BISMARCK, N.D. (AP) - The U.S. Census Bureau is up to the task of accurately counting the exploding population in North Dakota, where armies of job seekers have come to take advantage of the oil-wealthy state’s abundant employment opportunities, the agency’s director said Tuesday.
Census Bureau Director John Thompson said he’s visiting North Dakota this week to get a firsthand look at fastest-growing state in the nation.
“Any time you have a lot of population movement, it’s going to be more challenging than when you have a static population,” Thompson said at a press conference at the state Capitol in Bismarck. “We’re up for those challenges, and one of the reasons we are here is to learn about them.”
The government takes a headcount every 10 years and sends census takers to every U.S. household. Accurate counts are crucial for states, because at stake are billions of dollars in federal aid for such things as transportation projects and education. The state’s population was pegged at 723,000 residents last July, the most recent date for which figures are available, though some local officials in the state’s booming western oil patch have accused the bureau of undercounting the population.
Population numbers are updated using state income tax data between the once-a-decade official counts.
Officials in Williston, the biggest city in the oil patch, had considered contesting the 2010 census that put the city’s population at 14,716 people. Williston Mayor Ward Koeser said he and other city officials believed the actual population was about 17,000.
“It’s good growth - don’t get me wrong,” Koeser said at the time. “But we feel we have more (people) than that.”
Finding the whereabouts of all North Dakota’s burgeoning population will be a chore. Officials have reported new residents living in their vehicles, in tents, under bridges, and in grain bins, haystacks, even culverts.
Thompson said the Census Bureau increasingly is using mapping technology help locate new housing developments and people. And he said the agency still relies on census takers knocking on doors.
The technology “will help us find where people are living, and how we get people there” to count them, Thompson told The Associated Press.
Thompson said North Dakota was the first state he’s visited since being appointed by President Barack Obama last year to head the Census Bureau. Thompson met with Gov. Jack Dalrymple on Tuesday and was slated to meet later with American Indian leaders and officials in Williston.

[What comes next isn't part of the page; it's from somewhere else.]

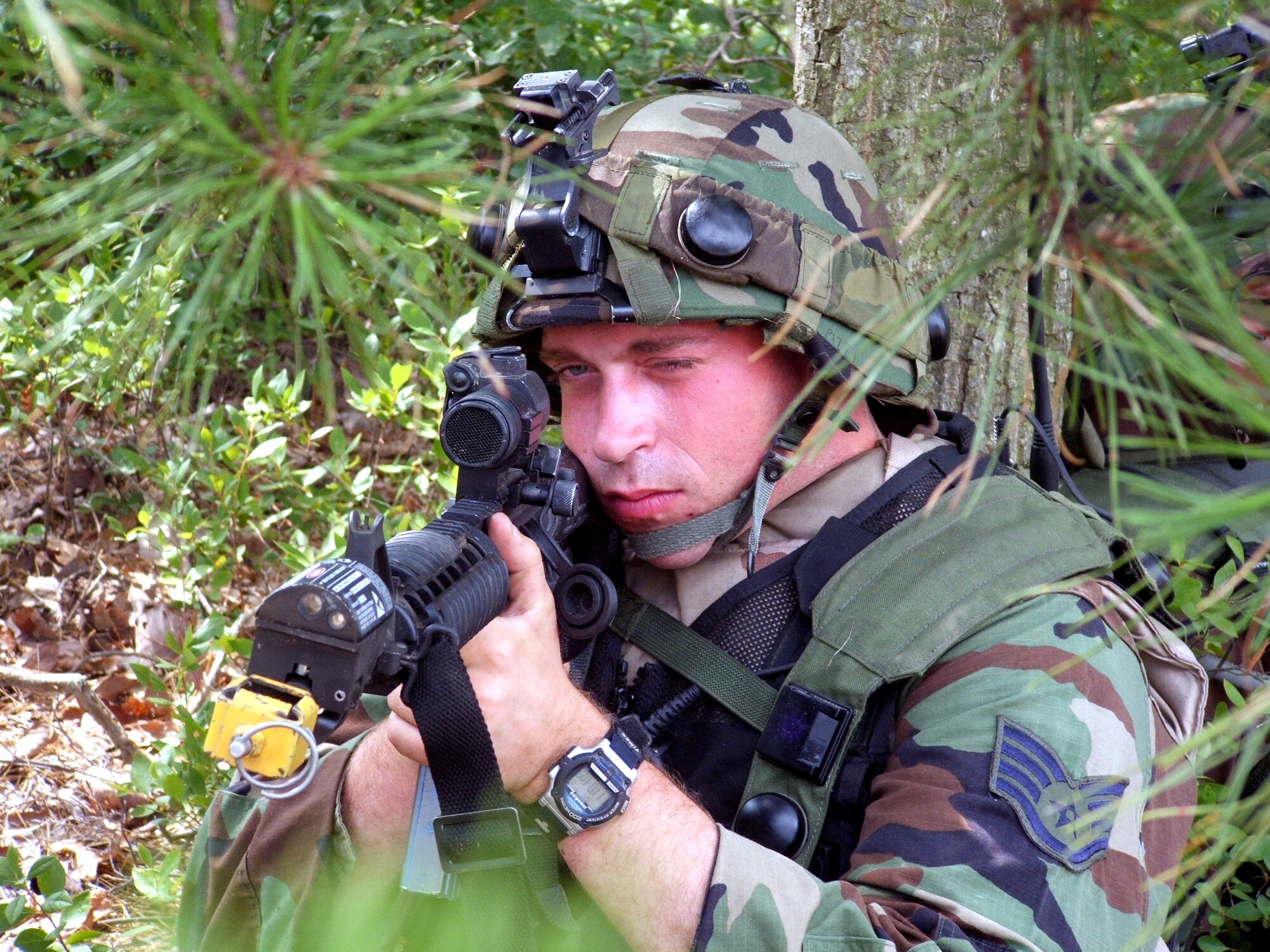 Staff Sgt. Nic Pizzi watches over a perimeter area during operations for exercise Eagle Flag 06-3 at Naval Air Engineering Station Lakehurst, N.J., on Saturday, July 15. The exercise is the only flag-level exercise that tests Airmen from multiple Air Force specialties on their expeditionary combat support skills. The exercise is coordinated by the Air Mobility Warfare Center's 421st Combat Training Squadron. Sergeant Pizzi is assigned to the 817th Global Mobility Squadron at McGuire Air Force Base, N.J. (U.S. Air Force photo/Tech. Sgt. Scott T. Sturkol)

Just a decade ago, North Dakota held the dubious distinction of being the only state to lose population. But its strong economy has attracted thousands of new residents in the past few years, reversing a decades-long trend of outmigration, where more people were going than coming.
Thompson said the agency’s last count was accurate.
“I think we got a pretty good count in 2010,” he said.
The state’s population has surged even since then. Dalrymple said Tuesday that the state has 25,000 unfilled jobs and the nation’s lowest unemployment rate, at less than 3 percent.
Many of the workers in the oil patch live in other states, making a headcount difficult, Dalrymple said.
“It seems to people who are in the area that there are more new people than are being talked about or being acknowledged,” Dalrymple told reporters. “But you do have this challenge of, ’Who is truly a resident?’”
Kevin Iverson, manager of the census office at the state Commerce Department, said North Dakota did not contest the 2010 census count.
“If anything, it was probably a little conservative,” he said of North Dakota’s estimated population by the Census Bureau. “Just because people are here doesn’t make them residents.”